David kent een climax van stijgend godsvertrouwen.

Psalmen 62:2-3
Waarlijk, mijn ziel keert zich stil tot God, van Hem is mijn heil; waarlijk, Hij is mijn rots en mijn heil, mijn burcht, ik zal niet te zeer wankelen.
Psalmen 62:6-7
Waarlijk, mijn ziel, keer u stil tot God, want van Hem is mijn verwachting; waarlijk, Hij is mijn rots en mijn heil, mijn burcht, ik zal niet wankelen.

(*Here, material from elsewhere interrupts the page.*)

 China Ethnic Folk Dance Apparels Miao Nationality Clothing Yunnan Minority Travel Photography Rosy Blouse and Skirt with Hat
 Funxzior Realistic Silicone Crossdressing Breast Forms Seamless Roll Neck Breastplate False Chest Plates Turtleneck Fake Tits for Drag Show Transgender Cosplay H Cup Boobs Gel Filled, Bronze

Een keervers als vaste afsluiting van een groter geheel (het couplet) heet een refrein. Zo'n refrein staat in de — ten onrechte opgebroken — Psalm 42-43.

Psalmen 42:6
Wat buigt gij u neder, o mijn ziel, en zijt gij onrustig in mij? Hoop op God, want ik zal Hem nog loven, mijn Verlosser en mijn God!
Psalmen 42:12
Wat buigt gij u neder, o mijn ziel, en wat zijt gij onrustig in mij? Hoop op God, want ik zal Hem nog loven, mijn Verlosser en mijn God!
Psalmen 43:5
Wat buigt gij u neder, o mijn ziel, en wat zijt gij onrustig in mij? Hoop op God, want ik zal Hem nog loven, mijn Verlosser en mijn God!

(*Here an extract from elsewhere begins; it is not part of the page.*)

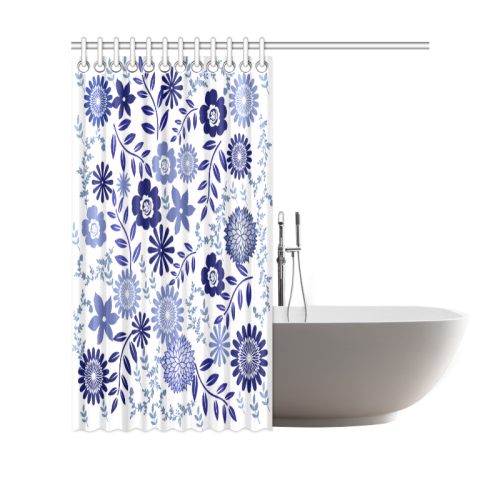 Blue and White Floral Pattern Shower Curtain 69"x70"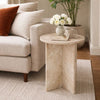 Levi Side End Table | 15" Round Top | Geometric Gray Marble Base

Psalm 107 kent een keervers met vrije variatie — na een vaste aanhef is het einde steeds anders. (Let ook op de vaste couplet aanhef „Er waren” in Psalmen 107:4, Psalmen 107:10, Psalmen 107:17 en Psalmen 107:23.)

Psalmen 107:8-9
Dat zij de Here loven om zijn goedertierenheid en om zijn wonderen aan de mensenkinderen, omdat Hij de dorstende ziel heeft gelaafd en de hongerende ziel met het goede vervuld.
Psalmen 107:15-16
Dat zij de Here loven om zijn goedertierenheid en om zijn wonderen aan de mensenkinderen, omdat Hij koperen deuren heeft verbroken en ijzeren grendels verbrijzeld.
Psalmen 107:21-22
Dat zij de Here loven om zijn goedertierenheid en om zijn wonderen aan de mensenkinderen; dat zij lofoffers offeren en zijn werken met gejubel vertellen.
Psalmen 107:31-32
Dat zij de Here loven om zijn goedertierenheid en om zijn wonderen aan de mensenkinderen; dat zij Hem verhogen in de gemeente des volks, en Hem loven in de raad der oudsten.

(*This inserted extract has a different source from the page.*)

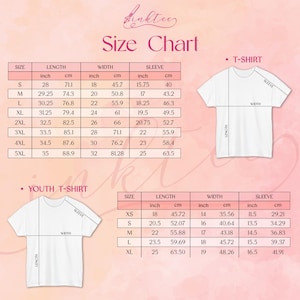 May include: A size chart for t-shirts and youth t-shirts, with measurements in inches and centimeters. The chart includes sizes S to 5XL for t-shirts and XS to XL for youth t-shirts, detailing length, width, and sleeve dimensions.
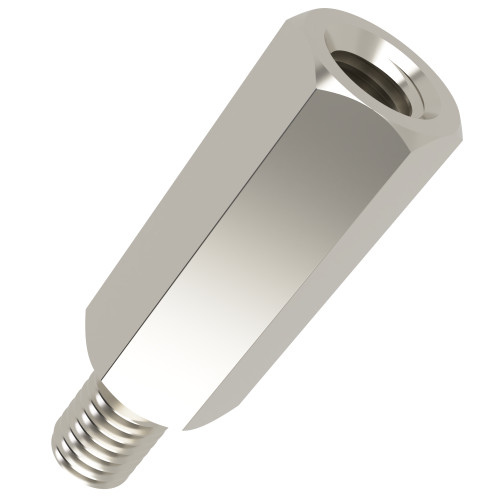 M8 x 55mm Hexagonal Male/Female Standoff, 13mm Flats - Nickel Plated Brass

Een lied waarin op ieder vers een keervers ten antwoord wordt gezongen vers heet een beurt­zang. Een voorbeeld hiervan is het keervers op de goedertierenheid in Psalm 136. Uitleg over hoe er gezongen werd vinden we in het lied van Mozes en Miriam.

Exodus 15:20-21
Toen nam Mirjam, de profetes, de zuster van Aaron, de tamboerijn in haar hand, en alle vrouwen gingen achter haar aan met tamboerijnen en in reidansen. En Mirjam zong hun ten antwoord: Zingt de Here, want Hij is hoog verheven; het paard en zijn ruiter stortte Hij in de zee.

Hier is waarschijnlijk bedoeld: na ieder vers van Mozes antwoordden de vrouwen gezamelijk met het gegeven vers.